Route information
- Maintained by SANRAL
- Length: 159 km (99 mi)

Major junctions
- North end: N11 / R555 in Middelburg
- N4 near Middelburg N17 / R38 in Bethal R39 in Morgenzon
- South end: N11 in Amersfoort

Location
- Country: South Africa
- Major cities: Middelburg, Bethal, Amersfoort

Highway system
- Numbered routes of South Africa;
| ← R34 |  | → R36 |

= R35 (South Africa) =

Provincial route in South Africa

The R35 is a provincial route in Mpumalanga, South Africa that connects Amersfoort with Middelburg via Morgenzon and Bethal. The R35 used to connect with the N3 near Ladysmith, but the portion of the road from Amersfoort onwards is now part of the N11.

==Route==

The R35 begins in Amersfoort, at a junction with the N11 national route. It begins by going westwards as Sybrand van Niekerk Street before turning towards the north-west. It crosses the Vaal River 25 kilometres from Amersfoort before bending northwards.

It enters Morgenzon from the south as De Jager Street and reaches a junction with the R39 road (Steyn Street). It joins the R39 eastwards up to the second junction, where it becomes the road northwards and proceeds to cross the Blesbokspruit and Kwaggalaagte rivers.

Entering Bethal from the south, it reaches a t-junction with the N17 national route and joins it to be co-signed northwards through the town centre. At the junction with Simon Street, the R38 route joins the N17/R35 co-signage northwards. At the sixth junction afterwards, the R35 and R38 split from the N17 to become the road eastwards. After one kilometre, the R35 splits from the R38 to become its own road northwards. After eleven kilometres, the R35 meets the south-eastern terminus of the R544 road from Witbank.

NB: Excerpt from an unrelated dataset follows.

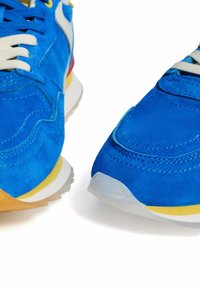 Niebieskie zamszowe sneakersy z białymi sznurówkami, żółtymi i czerwonymi akcentami oraz teksturowanym materiałem. Posiadają gładką podeszwę z przezroczystą krawędzią.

The R35 continues northwards, crossing the Olifants River and Leeuwfontein and then is intersected at a t-junction by the R542 at Komati. Continuing northwards, it interchanges with the N4 freeway (Maputo Corridor) just south of Middleburg to become Samora Machel Street. It heads northwards to reach its end at a junction with Cowen Ntuli Street (N11; R555; R104) in the Middelburg CBD.